Oleh karena itu, muncul kekhawatiran bahwa jikalau kasus corona terus bertambah dalam jumlah yang signifikan, maka social distancing akan kembali diketatkan. Masyarakat kudu kembali ke rumah. Bekerja, belajar, dan beribadah di rumah. Aktivitas publik menjadi sangat terbatas, bahkan boleh dibilang hampir mati suri.
Ketika aktivitas sangat terbatas, maka sama saja menghentikan laju roda perekonomian.
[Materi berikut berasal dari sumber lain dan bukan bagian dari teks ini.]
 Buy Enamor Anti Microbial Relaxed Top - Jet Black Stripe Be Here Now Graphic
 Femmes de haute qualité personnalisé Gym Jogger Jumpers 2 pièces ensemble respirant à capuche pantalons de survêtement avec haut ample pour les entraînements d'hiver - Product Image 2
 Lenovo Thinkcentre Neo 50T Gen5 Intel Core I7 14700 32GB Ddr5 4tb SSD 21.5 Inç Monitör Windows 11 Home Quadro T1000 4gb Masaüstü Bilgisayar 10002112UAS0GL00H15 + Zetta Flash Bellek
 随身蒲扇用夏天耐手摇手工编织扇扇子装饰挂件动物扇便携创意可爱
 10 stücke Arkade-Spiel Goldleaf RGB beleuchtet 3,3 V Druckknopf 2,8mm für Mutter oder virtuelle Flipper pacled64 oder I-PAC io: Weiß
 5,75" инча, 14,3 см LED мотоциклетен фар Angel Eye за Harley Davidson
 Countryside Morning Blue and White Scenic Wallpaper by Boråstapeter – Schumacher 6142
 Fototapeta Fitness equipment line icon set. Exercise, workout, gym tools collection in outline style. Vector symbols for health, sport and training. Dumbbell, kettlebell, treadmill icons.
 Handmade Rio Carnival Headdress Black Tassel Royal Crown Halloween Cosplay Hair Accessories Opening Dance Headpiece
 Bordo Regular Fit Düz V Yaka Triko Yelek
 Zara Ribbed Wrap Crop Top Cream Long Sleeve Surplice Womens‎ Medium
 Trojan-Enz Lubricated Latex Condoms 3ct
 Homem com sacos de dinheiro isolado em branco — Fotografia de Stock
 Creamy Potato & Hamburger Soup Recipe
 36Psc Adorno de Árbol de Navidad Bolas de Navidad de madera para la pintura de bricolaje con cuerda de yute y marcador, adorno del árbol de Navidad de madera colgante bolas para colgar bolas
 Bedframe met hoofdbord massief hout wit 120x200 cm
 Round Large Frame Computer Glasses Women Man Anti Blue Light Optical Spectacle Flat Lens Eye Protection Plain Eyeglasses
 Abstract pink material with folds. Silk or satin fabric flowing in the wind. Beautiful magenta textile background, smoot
Harapan new normal akan membawa pemulihan ekonomi mulai paruh kedua 2020 menjadi buram.
Ketidakpastian masih sangat tinggi, karena ada risiko social distancing kembali digalakkan. Semakin lama orang-orang berdiam di rumah, maka resesi hampir pasti berlangsung dalam waktu yang lebih lama. Hampir mustahil ekonomi dunia melesat pada 2021 kalau social distancing diketatkan lagi.
Persepsi semacam ini yang kemungkinan pelaku pasar bakal bersikap wait and see. Lebih baik menunggu terlebih dulu sampai ada kejelasan lebih lanjut, jangan melakukan apa-apa sampai ada kepastian.
Akibatnya, arus modal enggan mampir ke pasar keuangan negara-negara berkembang di Asia. Rupiah pun berisiko untuk kembali ke jalur merah.